We fly into Heathrow. I can’t just get off the plane all jet-lagged and hire a car and drive off, so we stay in London for a couple of days to acclimatise a little. One of the first things we do is to go to the British Museum and the V&A.
There is such a lot to see a day isn’t enough, and although we have been here before there are still a few surprises. Like this lovely pot. We’ve only just left Korea and here we are back in it’s orbit.
Out in the street we see that London is a decade ahead of Sydney in regard to electric vehicle acceptance and support facilities.
The next day we head to the Portobello road markets and what do we come across, but more indigo. What with Moon jars and indigo, we can’t seem to leave our Asian adventures behind. This time it’s Chinese silk, dyed using Indian indigo, by a Nepali minority hill tribe, in a remote area in the mountains of Nepal. The lady is quite sweet, she tells us that she is here working and studying and travels home each year to visit family and bring with her new stock that here family have been making and dying at home. I choose the shiburi knotted, indigo dyed silk scarf on the far right.
We eventually leave London and drive our hire car, which by the way is a ‘Smart for 4’ car and turns out to be not so smart and quite inefficient on fuel. I’m not impressed with it. Our 13 year old Mitsubishi Colt at home is more fuel efficient while being a bit more powerful. The original Smart for 4 was a rebadged Colt. The new model Smart for 4 is now built in Eastern Europe somewhere. We chose to buy the Colt instead of the Smart car, as the Colt was half the price. No need to pay for an expensive badge.
We head for Stoke on Trent to build our kiln, but on the way we stop off at the ‘Earth and Fire’ potters market, as it is on our way. We get to catch up with so many of our English potter friends, as they are all there selling their work. The standard of work that we see there is really high. We spend the best part of 2 days there, meeting, catching up, chatting. We even buy a few small things.
This is the ‘Gin Fairy’, I’m guessing that she turns up at about 4 pm for this potter and rescues her? I really don’t know. I just made that up. It’s a lovely image, so we bought it. It now hangs in our kitchen, but the icon hasn’t managed to work its magic yet on this side of the other hemisphere.
We turn up for work on the Monday morning at the ‘Clay College’ in Stoke. We introduce ourselves, show a short video and a presentation of other kiln building jobs like this that we are about to build.
The Clay College is a brand new start-up pottery training college located in the grounds of the Middleport pottery factory grounds. The building is a grade 2 listed nation trust building that the Prince of Wales Trust has refurbished. The school is funded entirely by charitable donations and closely associated with the ‘Adopt-a-potter’ charity founded by Lisa hammond, who was recently knighted, if that is the correct term, with an MBE? So maybe she is now possibly Dame Lisa? I’m not too sure. I’m sure that someone will correct me. She has worked very hard to raise funds for the practical training of potters.

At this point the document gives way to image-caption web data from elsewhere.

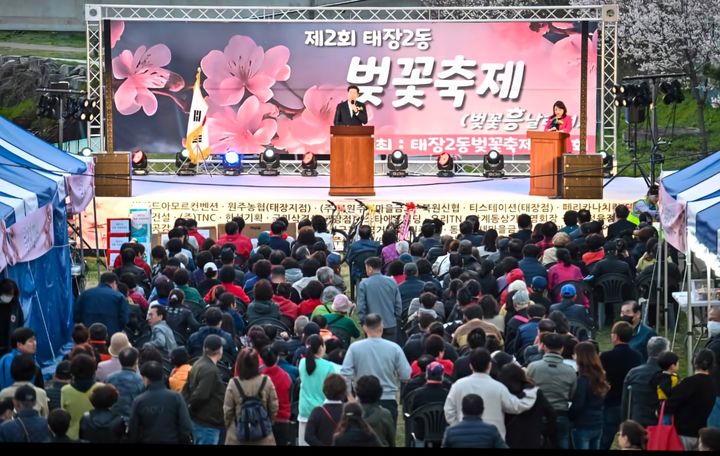 5일 '흥양천변 벚꽃축제'를 찾은 원강수 원주시장이 축사를 하고 있다. *재판매 및 DB 금지 ⓒ 뉴시스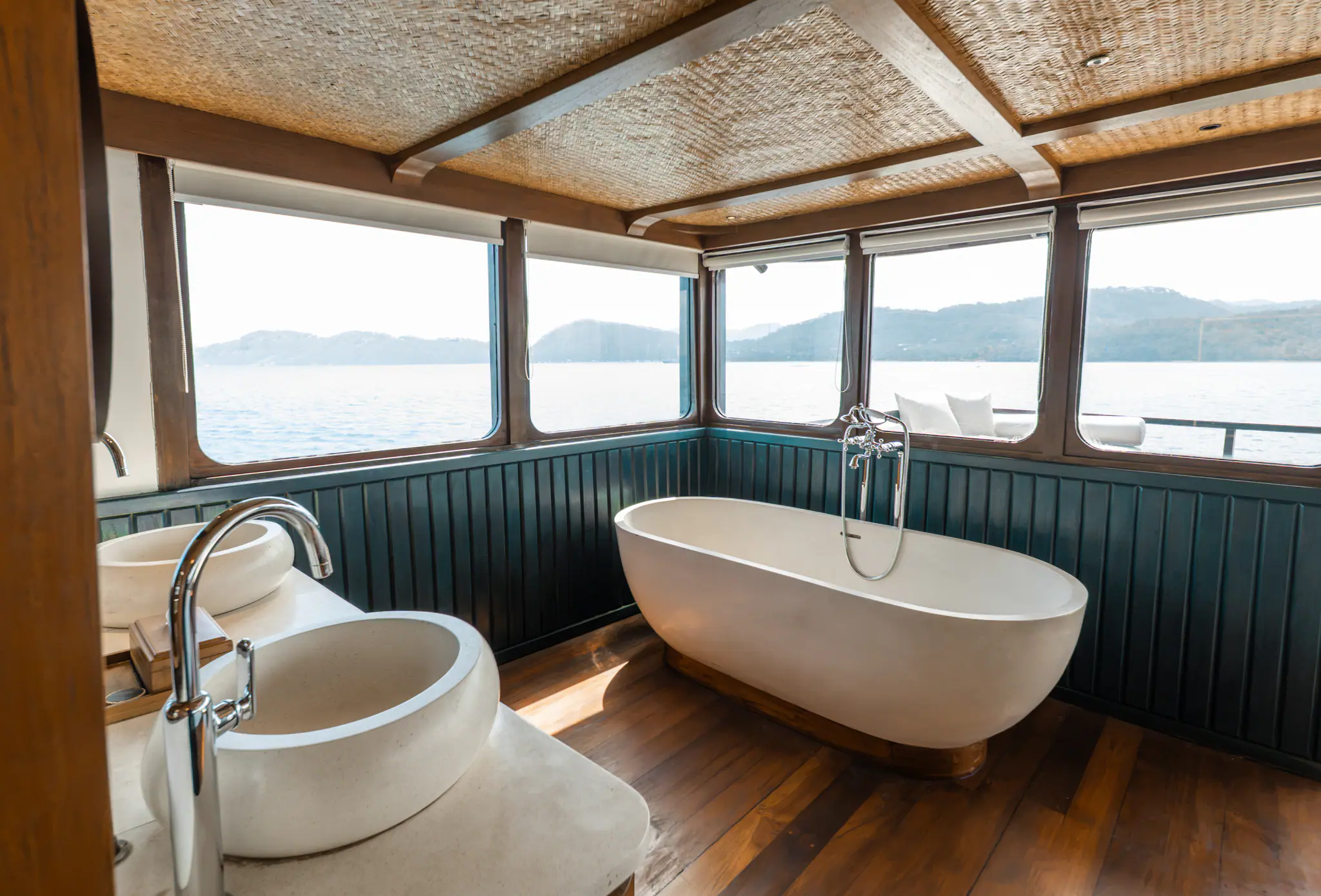 master-suite-bathup-2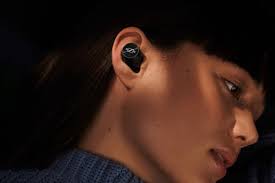 The look is very similar to the original momentum true. Sennheiser Momentum True Wireless 2 Anniversary Review Hypebeast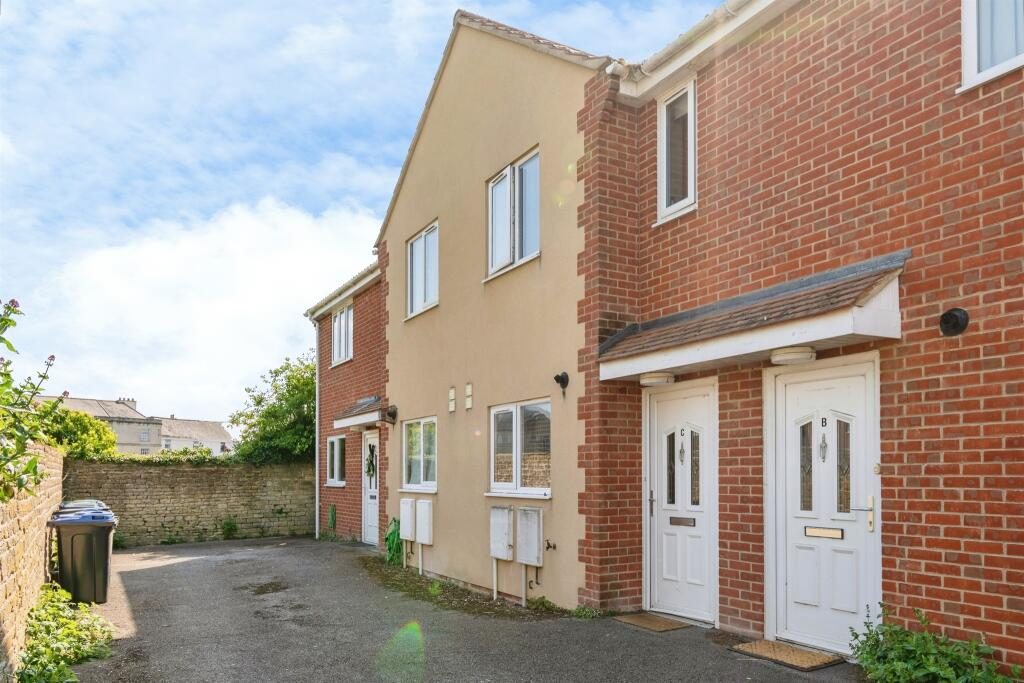 Terraced House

England didn’t have any full time practical hands-on pottery courses left. All the ceramics courses had been closed or converted into ceramic design courses over the past decade or two, so Lisa decided to start the ‘adopt-a-potter’ charity to fund apprenticeships with professional potters. That appears to have been very successful. So this is the next step. Start your own Art School! I’m really pleased and honoured to be associated with the school and charity. I really believe in what they are attempting to do there.
Old Middleport Pottery bottle kiln in the grounds of the Clay College.